Take one step more moderate, and you can claim that we don't know what course global warming will take. This is hard to argue against because, well, we don't. Maybe things will level off again and we'll only lose Florida. Maybe the Great Filter will turn out to be something totally unrelated that wipes the floor with us long before we get too warm. Maybe Xenu just bumped into the thermostat dial on his way to the office and is gonna straighten things out as soon as he gets home.

What I'd like to do is advance an argument that doesn't demand wholesale acceptance of global warming. Leave facts and statistics out of it, since there's not much we truly know on the subject. All I ask is that you acknowledge that global warming, in the human-created worldwide-catastrophe sense, is a possibility. The "we don't know" argument works both ways, so it's certainly conceivable that the pinkos are right and we're on the first SUV to Sweatyville, right?

This is where Pascal comes into play. You've probably come across his triangle at some point or another. But never fear, we're not doing math today. Pascal was a well-rounded dude, so besides being a skilled mathematician, he was a bit of a famous philosopher too. He's best known for a theological argument that has since become known as Pascal's Wager. To make short work of it (the hardcore philosophers out there are already wincing), Pascal reasoned as follows:
We don't really know if God exists. But if he does, the stakes are high (eternal life, Hell, all that jazz). And if he doesn't, the believers aren't any worse off than the non-believers - we all cease to exist in the same way. So it's a good gamble to be pious regardless of any proof of God's existence.

I'm not so sure that Pascal's claims of no cost were true - I would argue that the effort of regular church attendance is a cost, not to mention possible financial losses from behaving like a pious Christian rather than an opportunistic capitalist. And since Pascal probably wasn't happy with an entirely risk-return based belief - "I accept Jesus into my heart because it makes good economic sense" might not cut it with St.
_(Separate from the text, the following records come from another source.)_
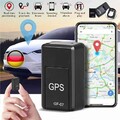 GF07 Mini Magnetic GPS Tracker Real-time Car Truck Vehicle Locator GSM GPRS
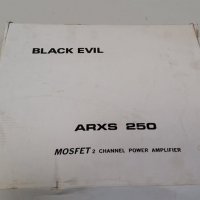 Авто усилвател Black Evil ARXS 250, снимка 5 - Ресийвъри, усилватели, смесителни пултове - 30081921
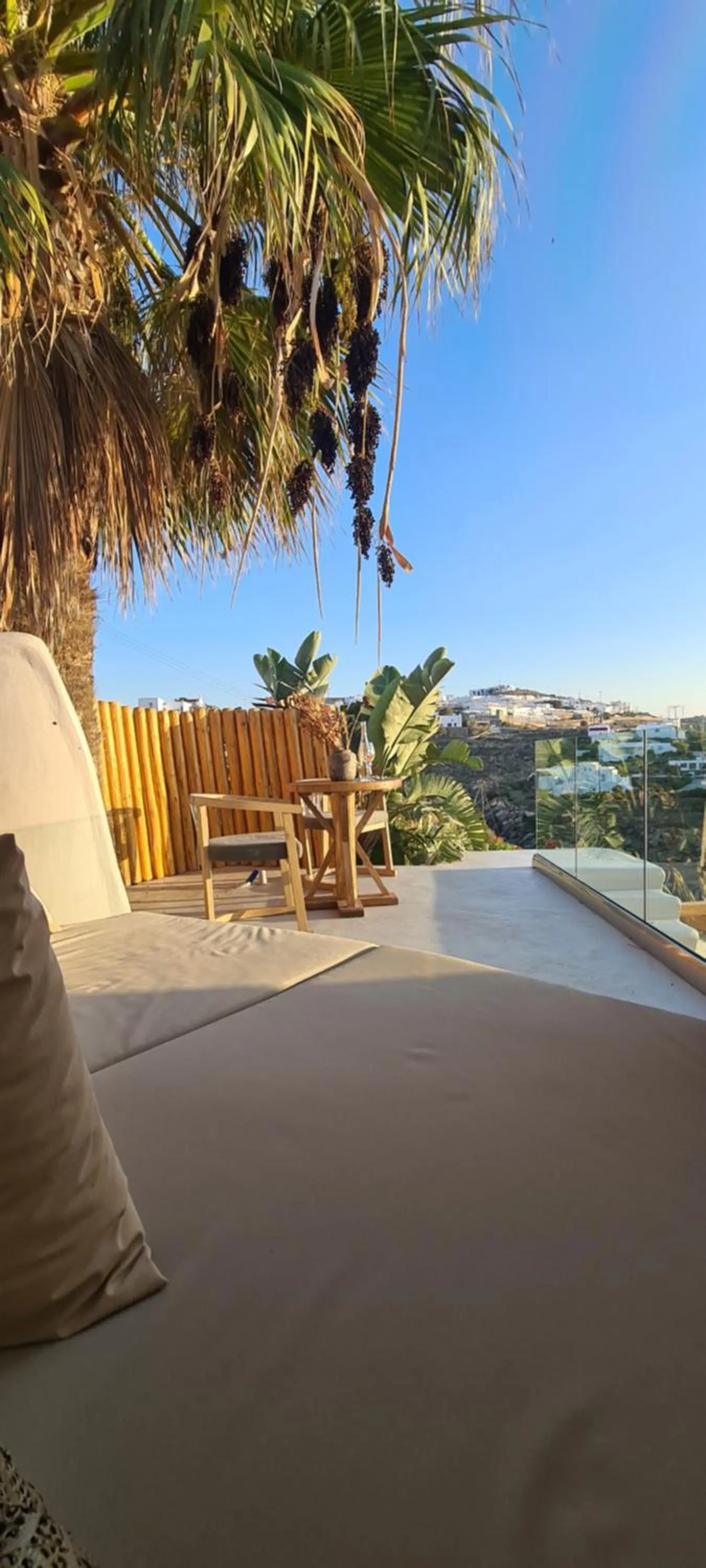 Natural landscape in Legacy Suites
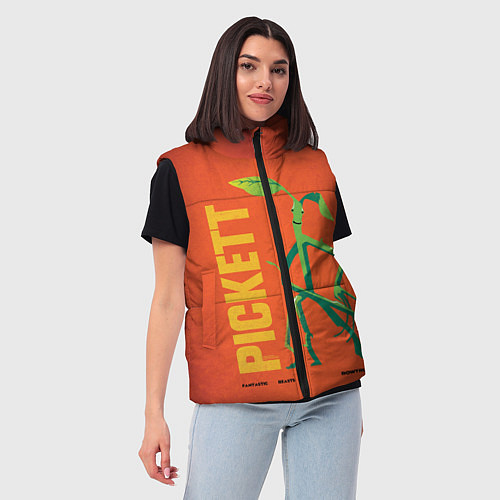 Женский жилет Фантастические Твари Pickett / 3D-Красный – фото 3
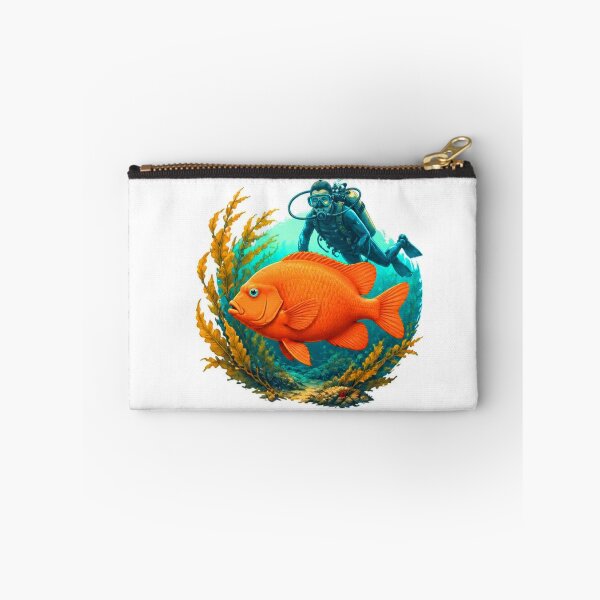 Item preview, Diving Adventure with the Garibaldi Fish | A Great Story for Ocean and Marine Life Enthusiasts designed and sold by Thegoldenline.
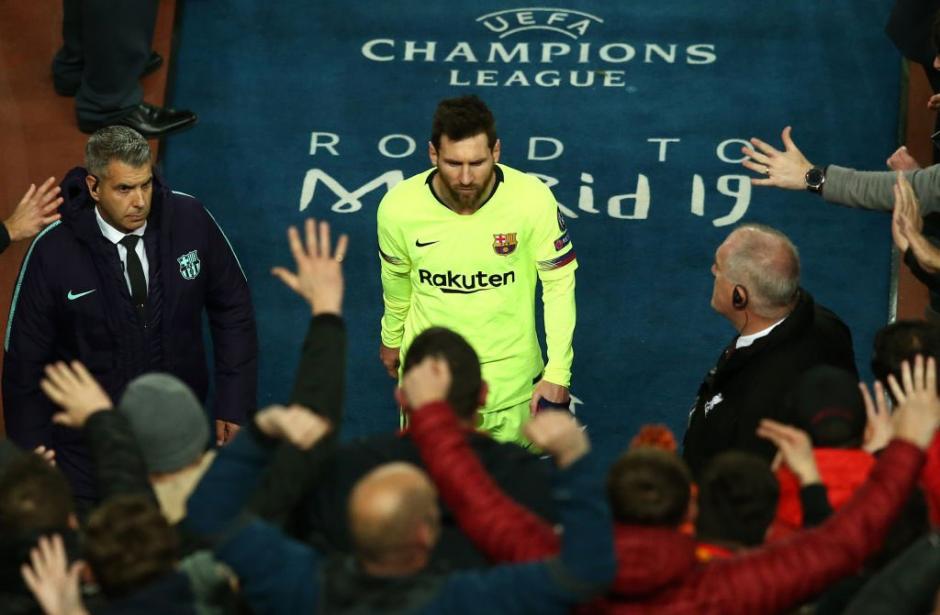 Lionel Messi se fue hundido y en total silencio de Inglaterra. (Foto: Grito de gol)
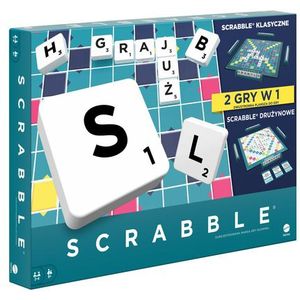 Scrabble Together - Bordspel - Twee spellen in een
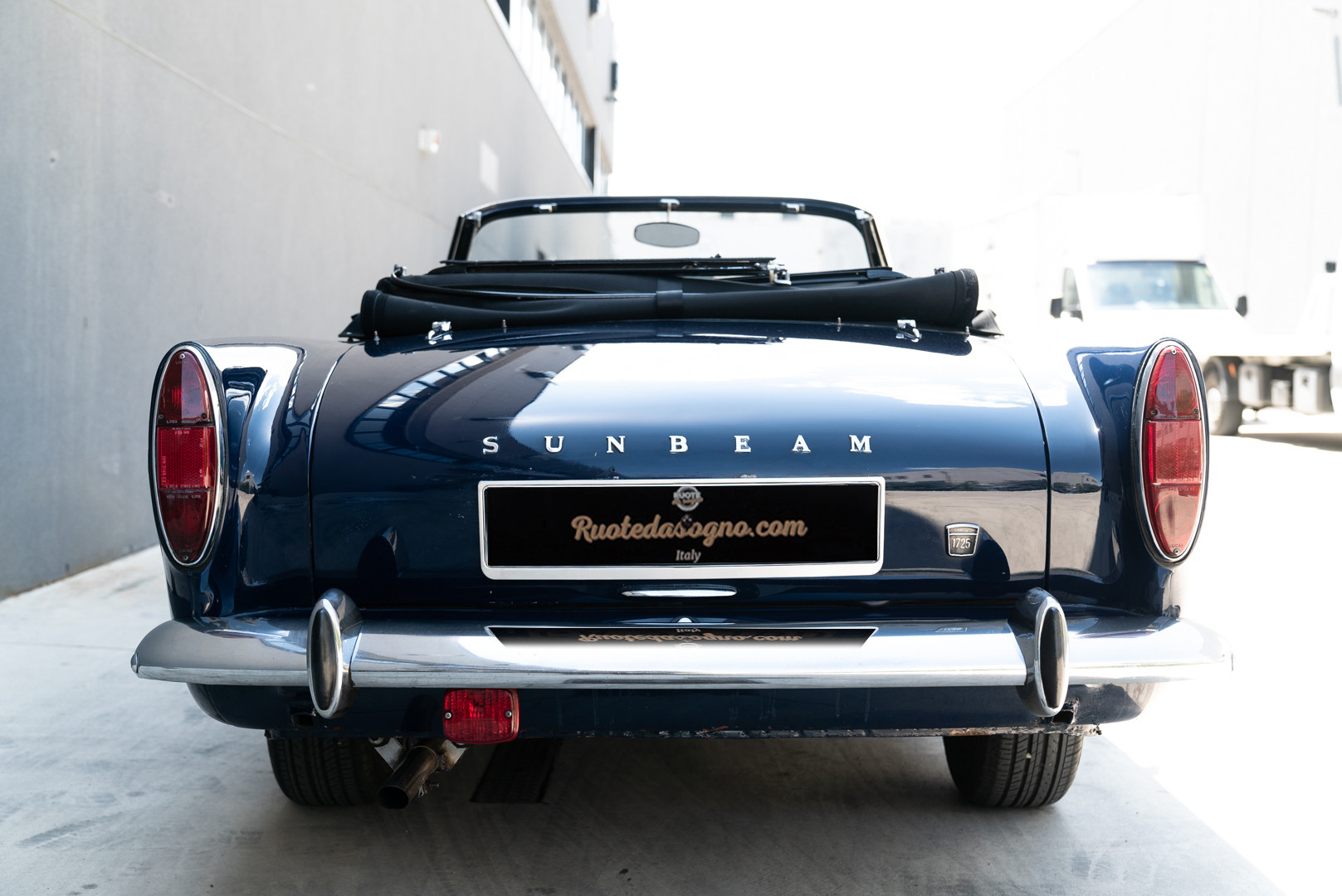 1967 Sunbeam Alpine 1725 11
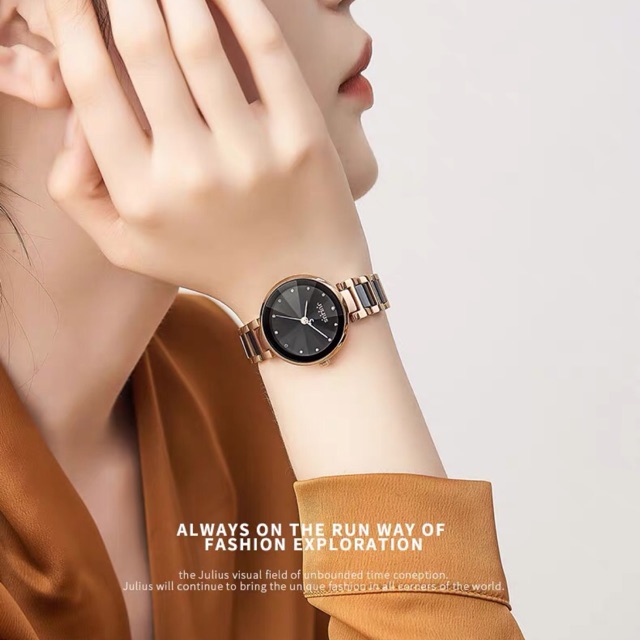 🇰🇷 JULIUS WATCH JA-1209 JAM TANGAN ORIGINAL KOREA DESIGN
Peter - you'll be needing to convince yourself that you truly believe, which sounds like a lot of emotion work to me (bam! sociology blindside!). But the reasoning still stands with a non-zero cost - a little bit of piety during one's lifetime doesn't seem like such a sacrifice when compared to an eternity in Hell.

Scott Adams (yes, the author of Dilbert) has taken the wager and run with it in some interesting directions, including the conclusion that we should become peace-loving Muslims. Of course, I have yet to convert (as does Adams), so maybe it's not as convincing as all that, but it's at least a good read. For me, the interesting next step of Adams' musing is this: Can we apply Pascal's argument to other avenues? I don't see why not.
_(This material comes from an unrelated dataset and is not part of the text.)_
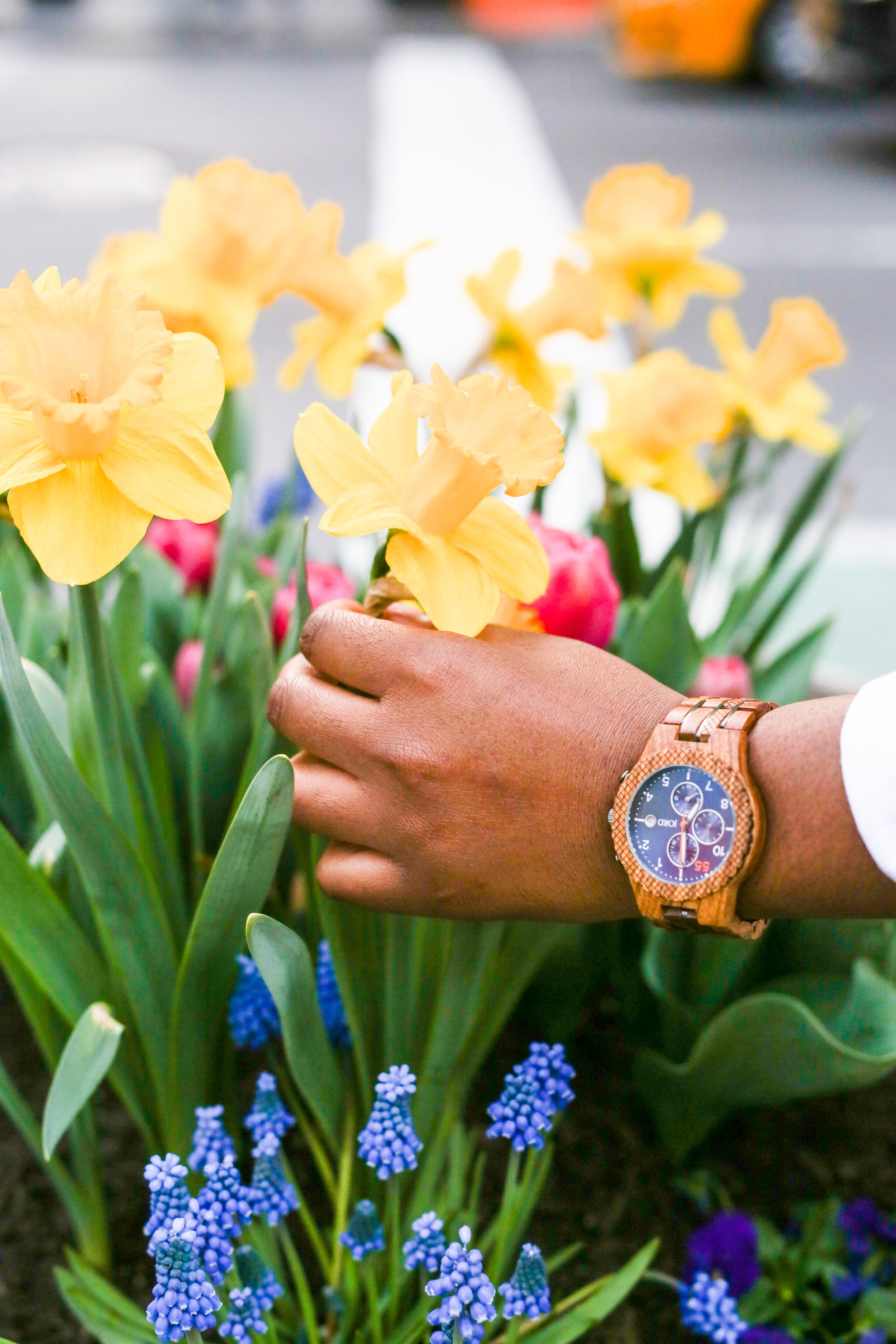 oo lah lah! ;) I'm loving my Jord Watch!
Pascal's argument is dealing with theoretically infinite values, but I am convinced that humans cannot actually conceive of the infinite (that really is a topic for another day). My position is that our conception of infinite is the same as our conception of really, really big. I like Adams' framing of the argument in mathematical terms, because I don't think we have to actually hit infinity for the probability to tilt in our favor. Think about the math that considers what happens when a value is infinite, like limits or Big O. It's all couched in terms of "as x approaches infinity" because all we need is for x to get big enough that the numbers behave in a predictable way. We can't actually model infinity in math, but once we see a definite trend, that last step is easy to infer. This isn't math we're doing here (trust me), but I argue that we can approach it the same way. If a reward is large enough, and the costs small enough, we can apply Pascal's wager to it.
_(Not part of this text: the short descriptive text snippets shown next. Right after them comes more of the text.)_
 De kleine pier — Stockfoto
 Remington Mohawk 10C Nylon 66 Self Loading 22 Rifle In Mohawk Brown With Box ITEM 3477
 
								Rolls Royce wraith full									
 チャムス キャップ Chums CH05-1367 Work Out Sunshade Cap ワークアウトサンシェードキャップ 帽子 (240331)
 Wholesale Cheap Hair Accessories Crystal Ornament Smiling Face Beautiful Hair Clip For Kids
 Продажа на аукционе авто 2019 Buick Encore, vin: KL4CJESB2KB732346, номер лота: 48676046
Sure, if you're already being a pedant about it, I'm bet you could trot out some claims about the types of logic involved. But frankly, if you're using phrases like "epistemic probability," I think you're already missing the point. Pascal's argument is just numbers. Adams gets this, and it's what helps him hit some interesting points without sounding like a pretentious windbag. The strength of the argument lies in pointing out some very big numbers and some not-so-big numbers, and from there any bookie could tell you which horse to bet on.

So, the argument:

If global warming exists, preventing it earns us the reward of continued existence. Worst case scenario: if the Earth keeps warming up, it's going to stop supporting human life sooner or later. We're remarkably fragile creatures, and our technological prowess will only get us so far, especially when we will have to cope with not only climate change but all the wars, famines, and tempests that spring up as a result. We'll probably snap and bomb each other into oblivion long before the last corn crop fails, but the end result is the same - we cease to exist, Darwin declares us the weakest link and sends us home. The water bears trundle along happily, and the universe quickly forgets about us.

What are the costs of preventing global warming?
  • We might have to start driving cars that get more than 8mpg. Yes, I know you love your Expedition.
  • We should probably insulate our houses our houses and use fluorescent bulbs. Quickly recouping your investment in monthly utility savings is a big sacrifice, I'm aware.
  • We'll have to research and improve alternative sources of energy. People, we're going to need to do this eventually, because the oil is going to run out, warming or not. I don't see why getting a head start on this is such a bad idea.
The costs come down to this: we'll have to spend some money now. There are some more factors that mitigate this further, especially for Western society - we'll be creating local jobs, we'll be reducing our dependence on other nations, and so on. I'm not qualified to judge the strengths of all these arguments, nor do I feel the need to. I'm satisfied that the costs of reasonable action on this front are not ridiculous or unachievable. We don't have to sacrifice any sons or clean the Augean stables, so I think this is doable.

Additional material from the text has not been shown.